Le Code civil du Québec 1 énonce qu’un contrat est formé par le seul échange de consentement 2. Or, en contexte de rapports collectifs du travail, il faut se rappeler que le syndicat demeure le seul représentant des salariés. De plus, les conventions collectives en vigueur dans le réseau de la santé prévoient plusieurs formalités dont celles entourant la conclusion d’une entente particulière. Ainsi, une entente intervenue avec un salarié sans l’approbation écrite du syndicat peut être invalidée par un tribunal d’arbitrage.
C’est en effet ce que nous rappelle un arrêt de la Cour d’appel dans l’affaire Syndicat des employés de l’Hôtel-Dieu de Roberval (CSN) c. Centre de santé et de services sociaux Domaine du Roi 3. Dans cette affaire, la Cour d’appel infirme le jugement de la Cour supérieure ayant révisé une décision rendue par un tribunal d’arbitrage.
Les faits de cette affaire sont les suivants : un salarié, ayant déposé cinq griefs dont l’un contestant sa mise à pied, choisit de retenir les services d’un avocat pour négocier avec l’employeur; un règlement total et global intervient pour une somme de 50 000 $ en capital, intérêts et frais. Cette entente est confirmée dans une lettre signée à la fois par le salarié et son procureur. De plus, l’agent de griefs est prévenu et donne verbalement son accord à cette entente.
Or, le salarié change par la suite son fusil d’épaule en refusant de donner suite à l’accord.
L’employeur prétend qu’il y a eu règlement des griefs alors que le syndicat, se fondant sur une disposition de la convention collective, allègue qu’il devait approuver par écrit la transaction afin que celle-ci soit valide.
Le tribunal d’arbitrage tranche en faveur de la position syndicale : faute d’écrit, aucune transaction valide n’a été conclue. Suivant le tribunal d’arbitrage, une entente de règlement de griefs constitue une « entente particulière » portant sur les conditions de travail. Une telle entente n’est valide que si elle rencontre les exigences prévues à l’article 5.03 de la convention collective qui stipule ce qui suit :
« 5.03. Aucune entente particulière relative à des conditions de travail différentes de celles prévues dans la présente convention, ou aucune entente particulière relative à des conditions de travail non prévues dans la présente convention, entre une personne salariée et l’employeur, n’est valable à moins qu’elle n’ait reçu l’approbation écrite du syndicat. » (nos caractères gras)
La Cour supérieure accueille la requête en révision judiciaire estimant que cette décision est déraisonnable. La Cour supérieure est plutôt d’opinion qu’il y a eu une transaction 4 valide entre l’employeur et le salarié. Suivant la Cour supérieure, l’entente intervenue n’est pas une « entente particulière » portant sur les conditions de travail et ne requiert donc pas l’approbation écrite du syndicat.

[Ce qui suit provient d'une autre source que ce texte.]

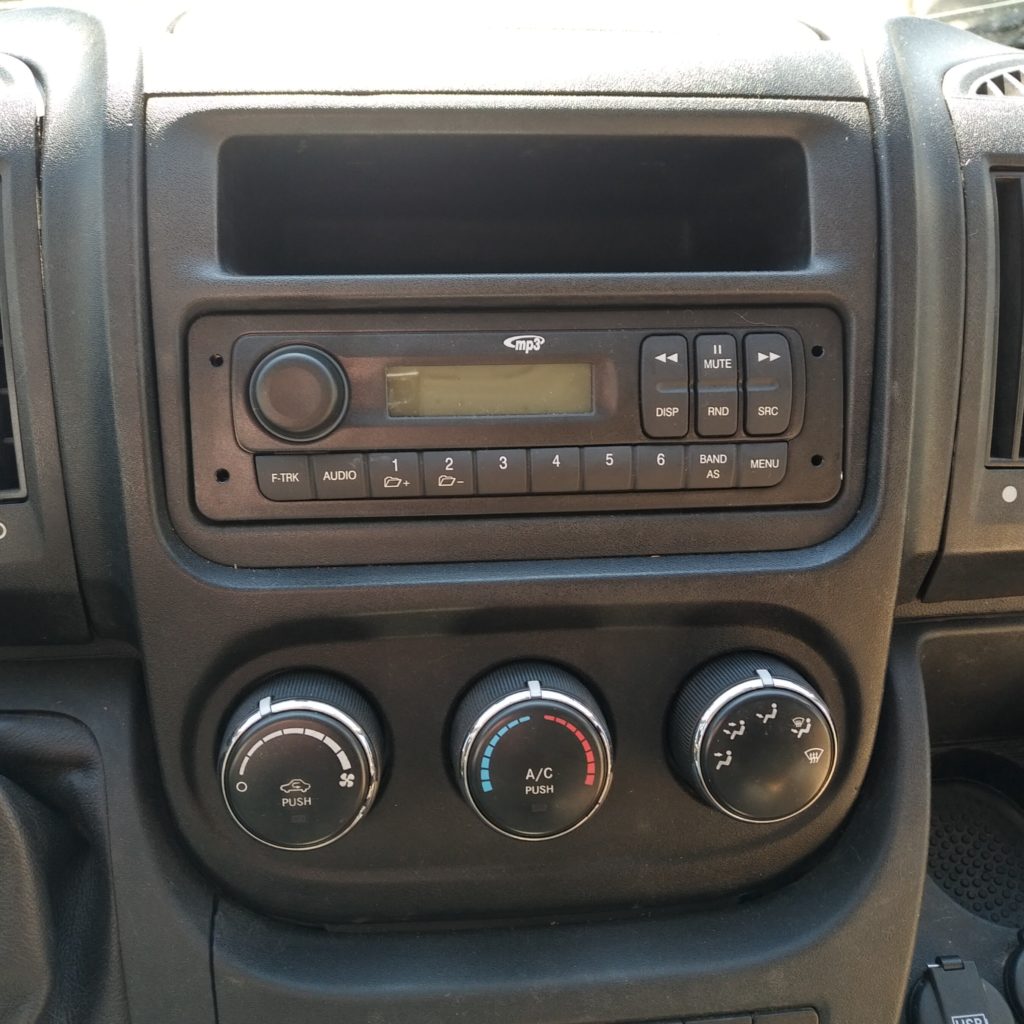 This bare-bones Ram truck OEM stereo just had to go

La Cour d’appel infirme cette décision de la Cour supérieure. Selon la Cour d’appel, la Cour supérieure a appliqué la mauvaise norme d’intervention et substitué son opinion à celle du tribunal d’arbitrage. La Cour d’appel ajoute que l’exigence d’un écrit formel, tel que le requiert l’article 5.03 de la convention collective, n’est pas exagérée, n’a rien d’inhabituel et vise à éviter toute confusion ou désaveu d’un agent de griefs qui aurait excédé ses pouvoirs.

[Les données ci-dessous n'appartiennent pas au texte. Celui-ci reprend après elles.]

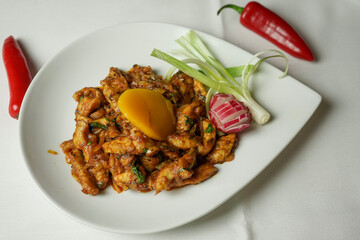 Delicious Spicy Chicken Stir Fry with Mango and Radish Garnish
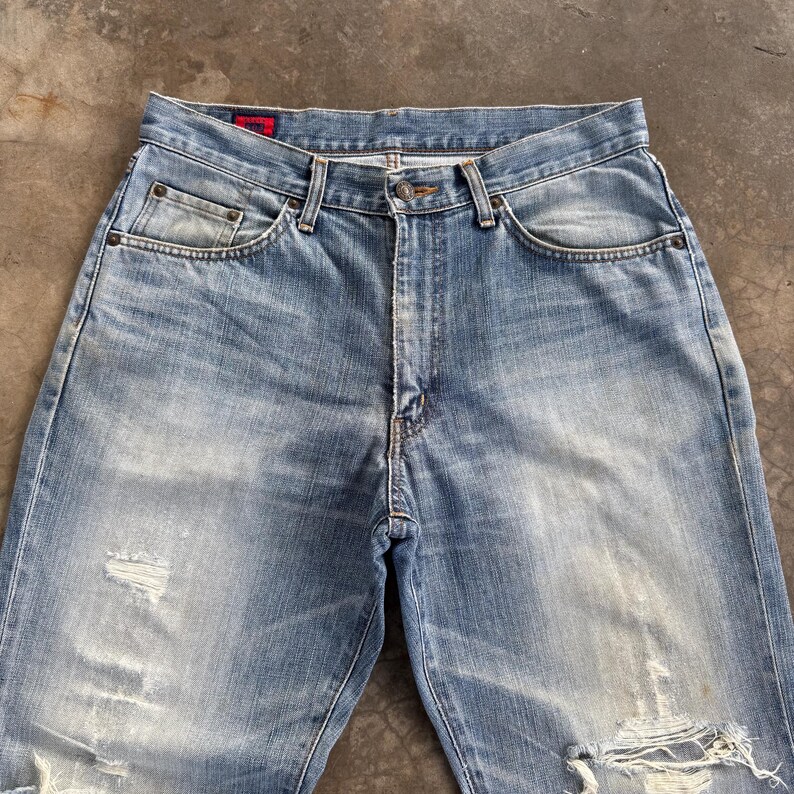 May include: Light blue denim jeans with distressed details, including rips and faded areas. The jeans have a classic five-pocket design, a button and zipper closure, and a red tag on the back.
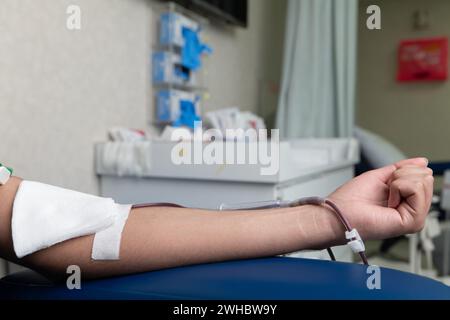 Eine Person in Handschuhen, die Eine Nadel auf Eine Schaufensterpuppe legt. Stockfoto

Il convient de préciser que la Cour d’appel a cassé la décision rendue par le juge de la Cour supérieure et, par conséquent, maintenu la décision arbitrale au seul motif que cette dernière n’était pas déraisonnable; la Cour d’appel se garde bien d’émettre son opinion sur le fond du débat. En effet, elle écrit :
« 19. Le juge ne fait pas voir en quoi la sentence serait déraisonnable. Il donne son avis qui paraît tout aussi sensé et fondé que celui du Tribunal, mais là n’est pas la question, c’est l’avis du Tribunal qui prime et il ne saurait être écarté que s’il est déraisonnable. » (nos caractères gras)
D’ailleurs, il convient de souligner qu’à plusieurs reprises des tribunaux d’arbitrage ont maintenu des ententes verbales intervenues entre l’employeur et un représentant syndical et ce, bien que de telles ententes avaient par la suite été désavouées par un salarié ayant changé d’idée 5 no AZ-50446973 (J.Vézina).].

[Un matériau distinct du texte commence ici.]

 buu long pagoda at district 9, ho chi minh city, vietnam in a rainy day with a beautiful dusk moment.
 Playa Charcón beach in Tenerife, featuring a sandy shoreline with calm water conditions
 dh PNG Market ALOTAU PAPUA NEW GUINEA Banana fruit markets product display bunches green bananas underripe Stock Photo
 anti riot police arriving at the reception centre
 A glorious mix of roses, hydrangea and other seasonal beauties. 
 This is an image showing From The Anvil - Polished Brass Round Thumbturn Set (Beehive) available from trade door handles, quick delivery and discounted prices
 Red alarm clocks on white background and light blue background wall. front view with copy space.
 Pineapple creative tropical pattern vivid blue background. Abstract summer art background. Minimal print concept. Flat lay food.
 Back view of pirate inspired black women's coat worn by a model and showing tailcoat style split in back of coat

Cette décision rappelle néanmoins que l’absence d’approbation écrite du syndicat, lorsque cette formalité est prévue à la convention collective, pourrait être fatale à la validité d’une transaction visant à régler des griefs. De plus, elle témoigne du fait qu’il serait toujours préférable de négocier une entente avec un représentant syndical plutôt qu’avec un salarié (ou son procureur) puisque le syndicat est le seul représentant autorisé.